Accepting ALS


Most of the time I am able to accept the challenges that life throws my way if I have time to process my thoughts. Talking things through with Mark, our kids or others is also very helpful. Since my diagnosis, I’ve had some time to really think about my disease verses other diseases. ALS is a shitty disease but I think it is the right one for me because it is giving me time to celebrate, mourn and adjust.

First, I think I have been surrounded by the right people to help me get through my struggles of sadness and weakness. Listening to those people have helped me understand that I am not the only one suffering, most people are in some way.

Second, this disease has given me time to try and figure what I want to do with the rest of my life. I have had some of the most meaningful conversations with people I love and I’ve been gifted with quality time with so many family members and old and new friends. As this disease progresses I’ve had time to mentally adjust to the changes that are happening in my body. Some of the adjustments have been more graceful than others.

The struggle I am trying to overcome right now is having someone feed me. I had a major breakdown this week while Kelly and I were sharing cheeseburger soup together. The liquid and the chunks in the soup play havoc with my swallowing. The two consistencies no longer mesh while swallowing and cause me to choke, which is scary, so Kelly tried to make it easier for me by pureeing my soup. Even though it looked awful, the taste was still good. I took a couple of bites and started to cry, not because the soup looked like shit but because I was physically exhausted from raising my arms to my mouth. Kelly offered to feed me but instead we both just cried.

After a few days of thinking about having someone feed me, I am finally giving in. I don’t want to waste my precious time worrying about something I have no control over.

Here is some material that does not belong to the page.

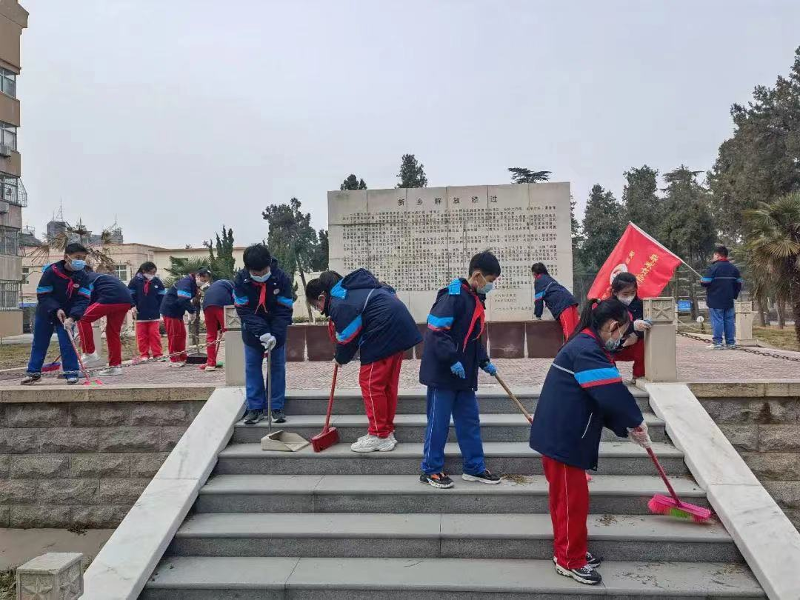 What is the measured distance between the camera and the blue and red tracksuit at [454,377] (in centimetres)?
429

God, grant me the serenity to accept the things I cannot change; courage to change the things I can; and wisdom to know the difference. Living one day at a time; Enjoying one moment at a time; Accepting hardships as the pathway to peace; Taking, as He did, this sinful world as it is, not as I would have it; Trusting that He will make all things right if I surrender to His Will; That I may be reasonably happy in this life and supremely happy with Him forever in the next. Amen.

Reinhold Niebuhr


15 thoughts on “Accepting ALS

  1. Rosemary, you are an inspiration. I have spent most of the last couple of years caring for my mom in my home. I have lost direct contact with many “friends”. It was hard changing roles with my mom and being her care giver, nurse, etc. It was hard on both of adjusting to the changing roles, but it was a blessing too. She had done it for her mom and I learned from her and just reminded her of that. You and your family are in my thoughts and prayers .

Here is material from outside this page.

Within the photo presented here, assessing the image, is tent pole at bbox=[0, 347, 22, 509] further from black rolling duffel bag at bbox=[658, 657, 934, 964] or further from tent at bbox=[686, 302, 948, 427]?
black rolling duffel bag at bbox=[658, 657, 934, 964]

  2. You are so right! ALS is a shitty disease. It breaks heart that the sweetest person I have ever known has it :(. I think of you often, pray for you daily and love you always, Cuz!!!!

  3. It seems we spend our youth believing we control the world around us, only to realize we control nothing but ourselves, then, we have to let go of THAT control, too.
    There’s something profound and eternal in that, and I have no good idea what it really is.
    Rosemary, I can only hope I’m a fraction as genuine, honest, and gracious as you when the time comes to let go of all this. It may be small consolation, but, you’ve become our pioneer, a sort of unplanned leader into the unknown. I’m sure it’s not what you’d hoped for, but, thank you for doing it, as wrenching as it must be.
    Most people seem to cover their eyes and hope this all goes away, but you…you’re leaving a trail, clearing a path, calling the directions back to us. You’re an explorer. Whatever you find out there ahead of you, I pray that it will be infinitely worth the journey.
    Thanks for leading the way.

    1. Thank you for saying exactly what I’m feeling…..
      Every day is a new ‘adventure”……& we treasure each moment, each hurdle, each kindness, as well as heart-break…..thankful for family, dear friends, medical care, faith & hope/ laughter & tears…. to help on our journey…..

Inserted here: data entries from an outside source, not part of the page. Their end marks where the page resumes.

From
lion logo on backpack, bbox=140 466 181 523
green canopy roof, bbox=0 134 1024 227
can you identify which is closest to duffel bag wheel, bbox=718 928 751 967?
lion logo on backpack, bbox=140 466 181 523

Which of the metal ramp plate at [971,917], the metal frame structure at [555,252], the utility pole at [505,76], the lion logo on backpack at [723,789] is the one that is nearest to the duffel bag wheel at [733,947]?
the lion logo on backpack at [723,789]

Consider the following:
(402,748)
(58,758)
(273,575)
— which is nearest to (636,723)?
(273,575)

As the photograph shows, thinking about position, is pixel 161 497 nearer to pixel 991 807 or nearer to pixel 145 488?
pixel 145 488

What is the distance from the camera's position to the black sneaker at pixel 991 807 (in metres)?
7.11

  4. Rosemary I am in awe as to really how strong you are. I have known you for so long and have always known how much of a caring and giving person that you are. Lately by reading your blog I have discovered your strength. Not too many people would share their struggles as you have. To me you have been a God send. I love you my friend

  5. Rosemary,

    I say very little to you because I feel so inadequate in my ability to say anything that might be helpful. You show so much grace and I curse this disease for you. However, let me say from a person that fed my own dad (yes pureed food) for years and later individuals with Alzheimer disease, coming from the other side, it is an honor to help and yes feed those that can not do for themselves. Never be embarrassed, you are giving other people a gift. I love you. Jac

  6. Rosemary you are such a strong person. The ability to talk and express what is actually going on at every level of the daily moments of life. It is inspirational as well as insightful. When I brave the stairs soon we must meet. I love you and yours. I do not have access on the IPad to hear Chad ‘s son’s sing a debut. We will need to view that.

  7. Beautiful message and you are equally the same! As God walks beside you each day and helps you process each challenge, my prayers and heart are with you dear friend. And I love you. Jill.